Prime Time Regional Sales Manager Jason Gill said that many dealers will benefit from the pent-up demand that has been created the last two years as retail sales have slowed along with the national economy.
“Across the board, we are seeing huge increases in retail traffic and most dealers are selling more than they have the last couple of years,” commented Gill. “We are feeling confident about 2010 and Prime Time continues to increase production rates in anticipation of strong retail demand.”
Prime Time Manufacturing is a division of Forest River Inc, a Berkshire Hathaway company. Prime Time offers towable RVs under the brand names of LaCrosse and Tracer.
The RV industry faced difficult times in the last two years as both manufacturers and dealers closed their doors.
But the 30th Annual Edmonton RV Show and Sale added a solid dose of optimism to the industry’s outlook. When the doors to the show opened on Feb. 11, the crowd surged in to look at the latest in RVs and decide what to buy, according to the Edmonton Journal.
Within a few minutes of the opening, the first deals had been written.
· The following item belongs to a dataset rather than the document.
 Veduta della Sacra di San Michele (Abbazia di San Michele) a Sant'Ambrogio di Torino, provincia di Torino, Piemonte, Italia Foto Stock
Many observers agreed it was the busiest opening to the show that they had seen in years.
Don Humphrey, manager of Roadmaster RV in Leduc, went further, saying it was the busiest opening night he had seen in his 30 years of attending shows.
“Sales are at least double last year,” Humphrey said in an interview, pointing out that there is “pent-up demand.”
“This year, people are eager to buy.”
This year’s RV show was the first held in the recently expanded Edmonton Expo Center and filled all the main floor halls, including the brightly lit new halls that opened late last year. In contrast, the recent Edmonton Motorshow did not use Halls A and B on the main level.
The show presented a variety of new RVs and features to grab the attention of consumers. A feature that attracted the attention of many visitors was the outdoor kitchens on a variety of RVs.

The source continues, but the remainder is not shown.